6 Mortgage Rate Factors to Consider

Get The Rundown On What Matters Most.

How low can they go? That’s usually the question lenders get when the topic of mortgage interests rates come up. After all, everyone associates low mortgage rates with the lowest monthly payment, which is why traditional advice says to search for a lender offering the best interest rate.

Well, consider who you’re getting that advice from before you start pressing ahead. When it’s time to start comparing rates, you really have to look at ALL the factors that go into what your final number will be. Here are the six factors you need to consider so you can make an informed decision.

  1. Mortgage Types: There’s more than one type of home loan available. Your credit history and current financial standing plays a significant role in what kind of loan you’re eligible for. The type of loan you qualify for will factor into what your rate will be.
  2. Look at the APR: APR stands for Annual Percentage Rate, which factors in every cost associated with your loans. When you get a mortgage, you won’t just be paying interest on that loan. In most cases, there are additional costs and fees attached, such as discount points, broker fees, loan origination fees, mortgage insurance closing costs and other charges you may pay when you get the loan.
  3. Understand Points: To arrive at a lower interest rate than their competitors, some lenders may offer discount points, which are paid in fees to the lender.

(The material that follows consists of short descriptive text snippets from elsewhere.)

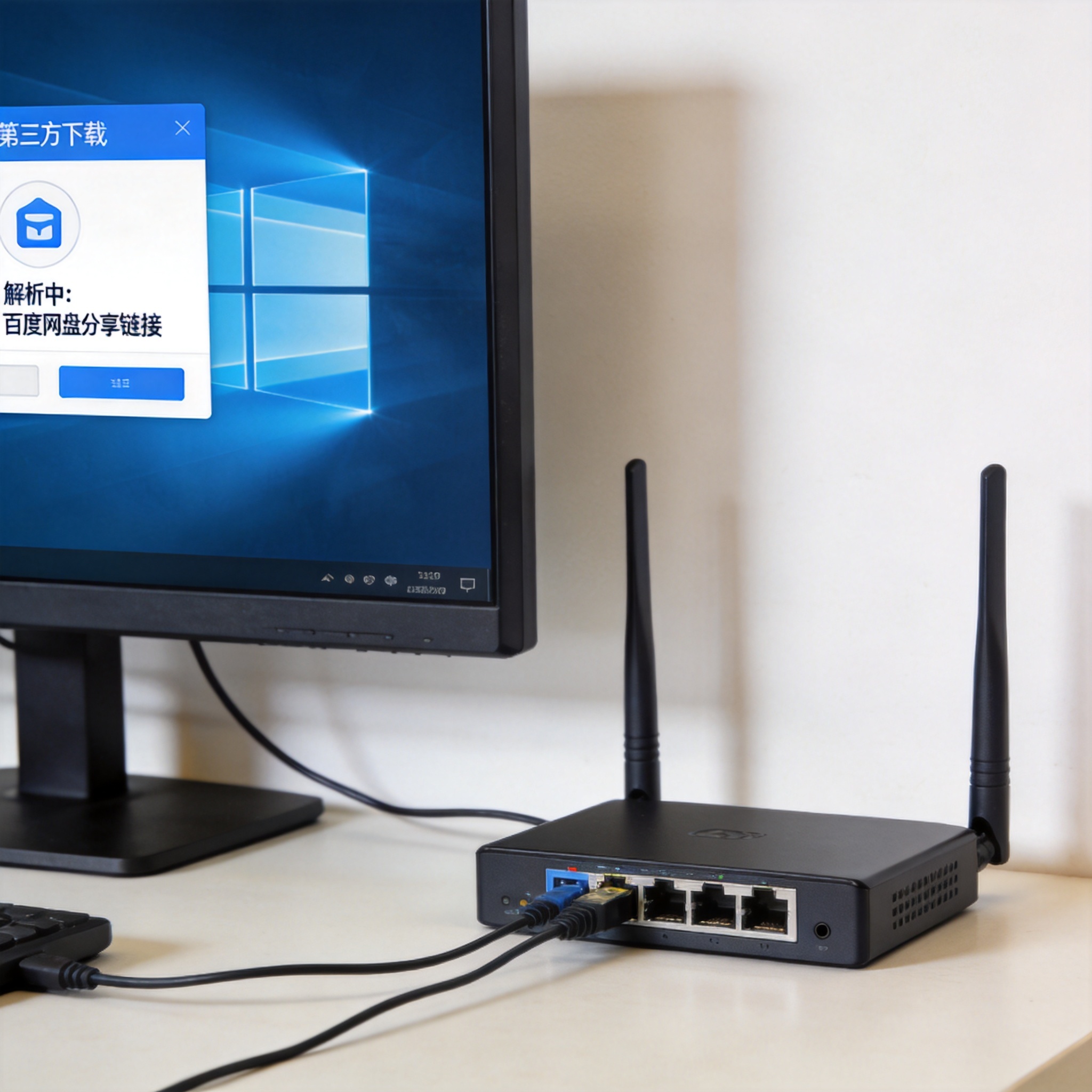 电脑桌的电脑屏幕显示第三方下载工具界面，正在解析百度网盘分享链接，旁边放着连有线网络的路由器，室内自然光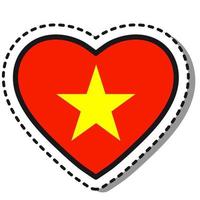 Flag Vietnam heart sticker on white background. Vintage vector love badge. Template design element. National day. Travel sign.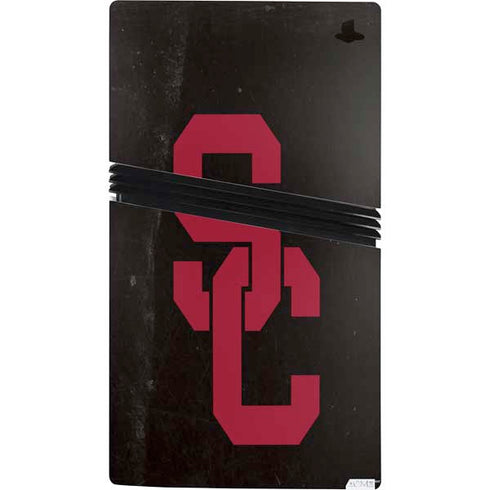 University of Southern California USC Black Distressed PS5 Pro Bundle Skin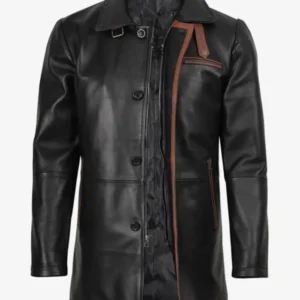 Men’s Real Leather 3/4 Length Black Coat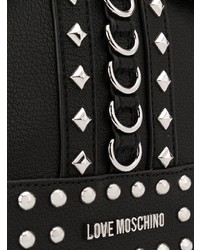 schwarze beschlagene Leder Beuteltasche von Love Moschino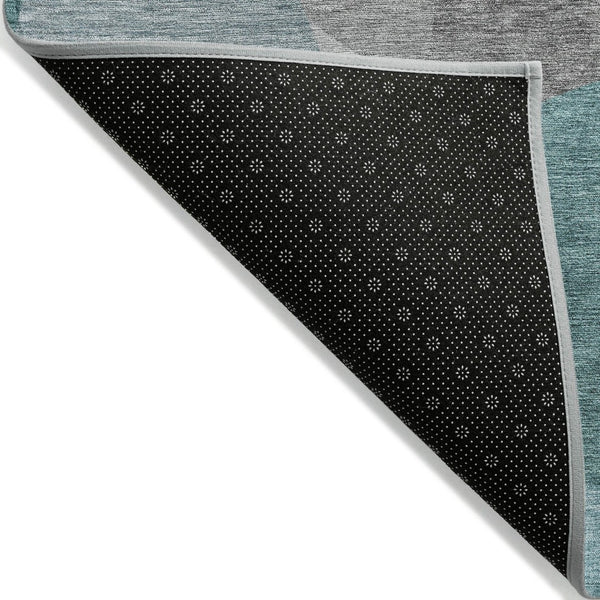 HomeRoots 5' Teal Blue and Gray Abstract Area Rug – Stylish, Washable, Durable for Indoor and Outdoor Use 8' Round 632187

One point is equal to one percent of the principal amount, so on a $250,000 home, one point equals $2,500 that would be paid up front. Pay more points, get a lower rate. Discount points could also add up to a higher APR, but the rate environment plays a big role in whether or not paying points makes sense and could save you money. The Federal Trade Commission(Link opens in a new tab) recommends homebuyers ask for points to be quoted as a dollar amount, so you’ll know exactly how much you will have to pay.
  4. Get Details on Associated Fees: Loan origination or underwriting fees, broker fees, closing costs — these numbers all add up in the total cost of your loan. Some are paid at the time of application, while other fees are included in closing costs. Be sure to ask your lender to outline exactly what fees you will pay; what each fee includes and get an explanation on anything you don’t understand.
  5. Factor in PMI: Private Mortgage Insurance is required on any mortgage where the homebuyer makes a down payment of less than 20%. PMI is the price many homeowners pay when they don’t have a huge amount saved for a down payment or may have poor credit history. Know whether you’ll have to pay PMI on your loan, get the total cost of your mortgage insurance and find out what your total monthly payment will be with PMI included.
  6. Negotiate the Best Deal: The cost of a home mortgage typically varies from one lender to the next. Request a breakdown of each cost associated with your loan. It never hurts to ask your lender if one or more fees could be reduced to help save you money or if they’re able to provide better terms than you’ve found elsewhere. Once you’ve settled on a lender, obtain a written lock-in form to guarantee the rate you agreed upon (Lock-in fees may apply, but may be refunded at closing).

It would certainly be easier to know what your interest rate would be by simply looking online at each lender’s price, but unfortunately, it doesn’t work that way. That’s why we wanted to give you a deeper dive into the most important factors in determining rates.